───── Data

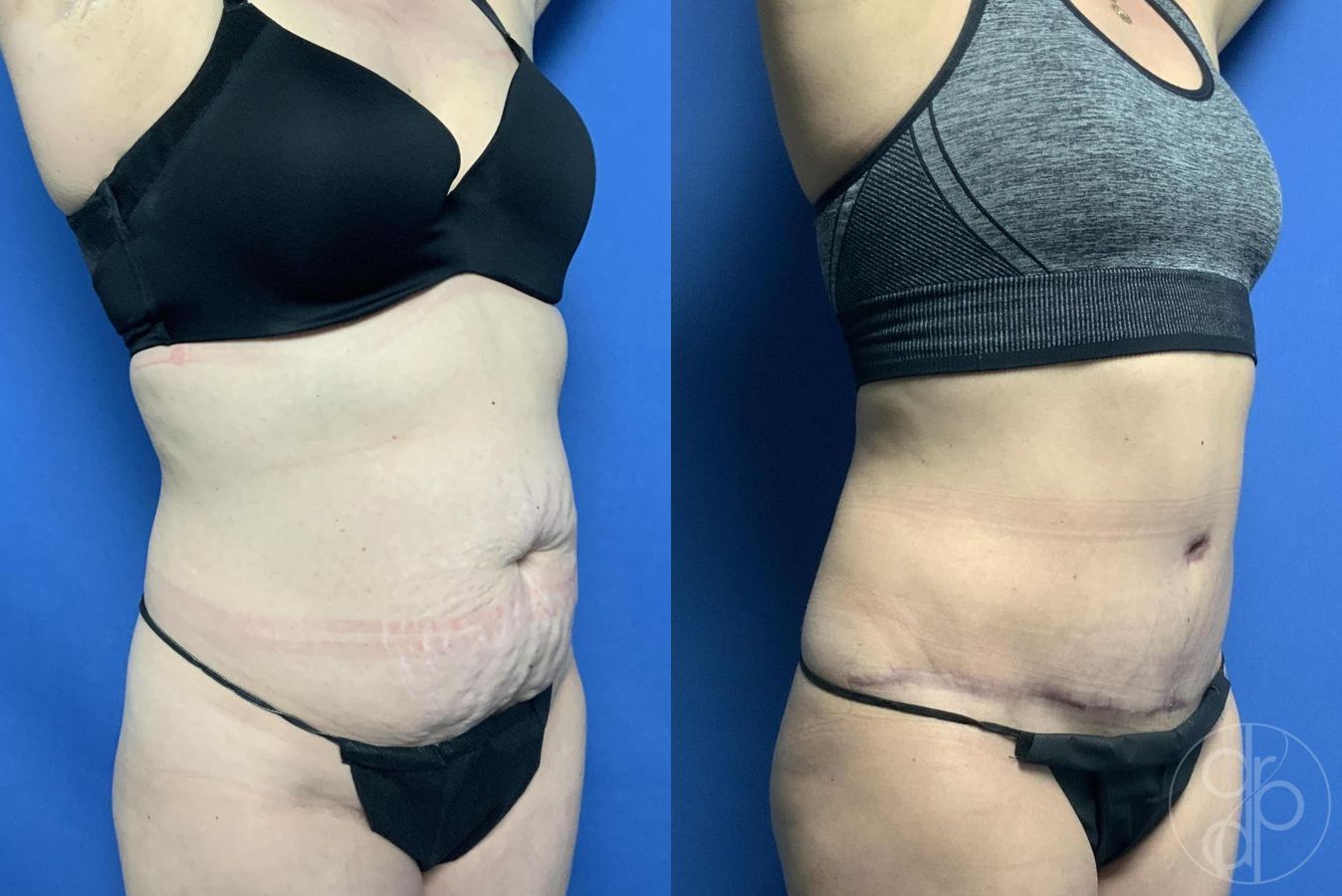 Before and after Abdominoplasty case 29563 - Angle 3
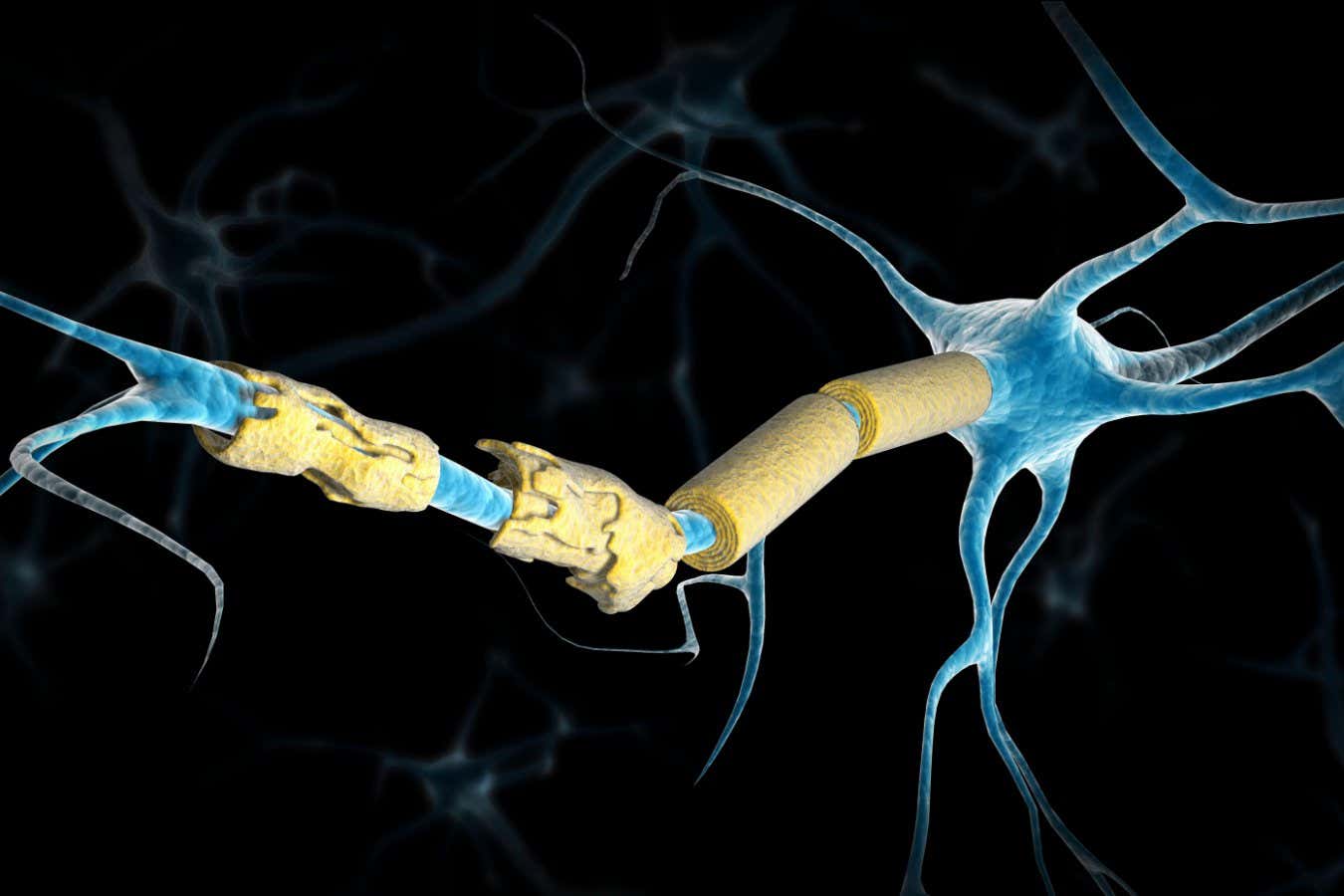 Conceptual image of a neuron damaged by multiple sclerosis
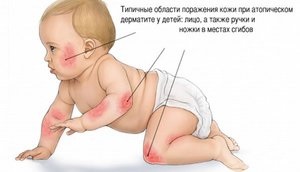 Különösen az atópiás dermatitis Komarovka okoz, tünetei, kezelése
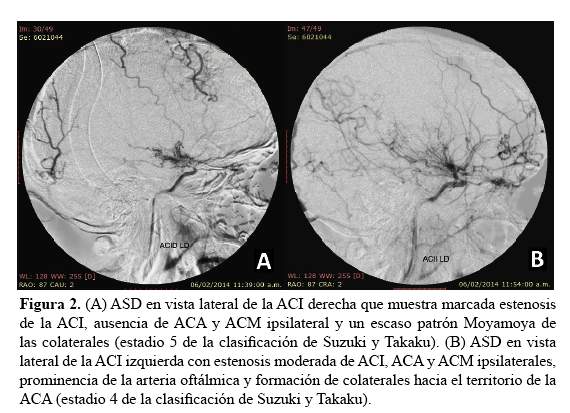 Descripción: C:\SciELO\serial\rnp\v78n3\img\revistas\rnp\v78n3\a07f2.jpg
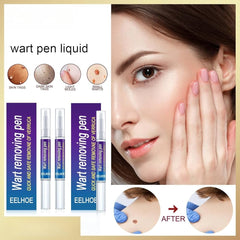 EELHOE Wart Removing Pen | Remove Moles, Skin Tags & Warts Quickly and Safely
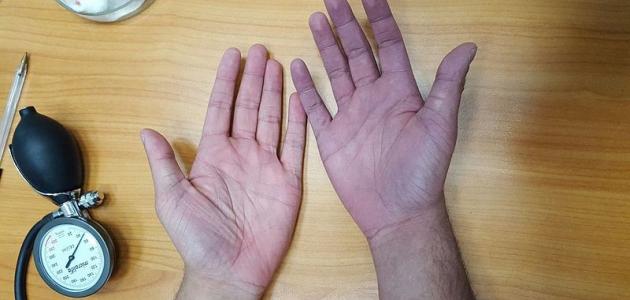 هل فقر الدم يسبب ازرقاق اليدين؟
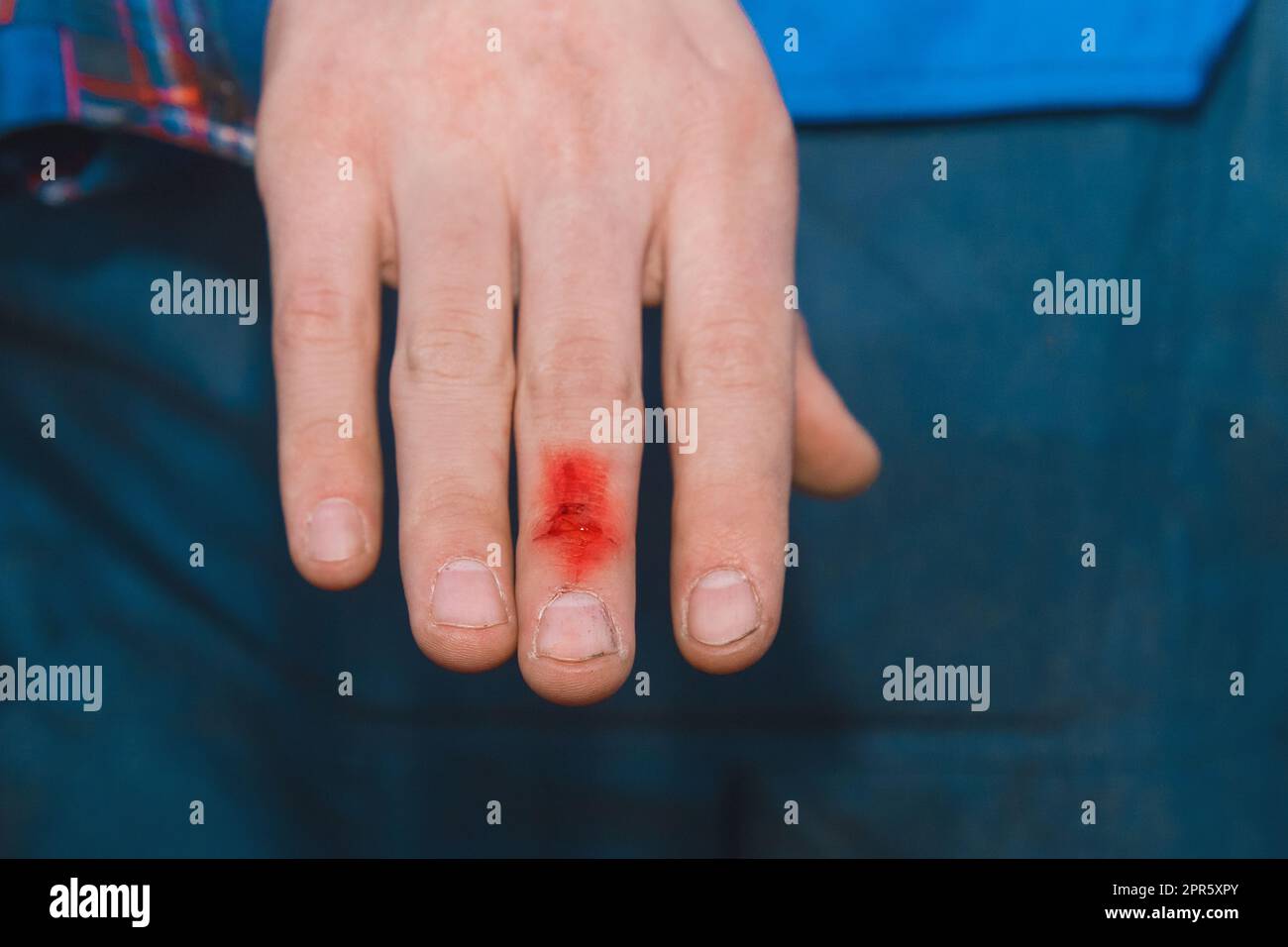 Tagliare a sangue, ferite alle dita, sangue della ferita, primo piano delle mani. Foto Stock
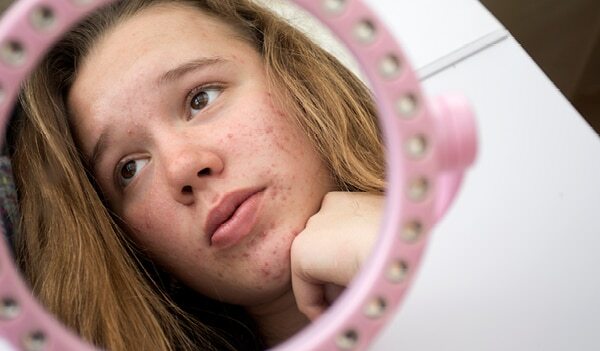 Pesky Pimples Embarrassing You Here's How To Get Rid Of Teenage Pimples Naturally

──────────

◆ Brief: Take the records from their first line through the line containing "Descripción: C" and please return exactly those lines, both ends included, minus the pictures.

◆ Output below:
 Before and after Abdominoplasty case 29563 - Angle 3
 Conceptual image of a neuron damaged by multiple sclerosis
 Különösen az atópiás dermatitis Komarovka okoz, tünetei, kezelése
 Descripción: C:\SciELO\serial\rnp\v78n3\img\revistas\rnp\v78n3\a07f2.jpg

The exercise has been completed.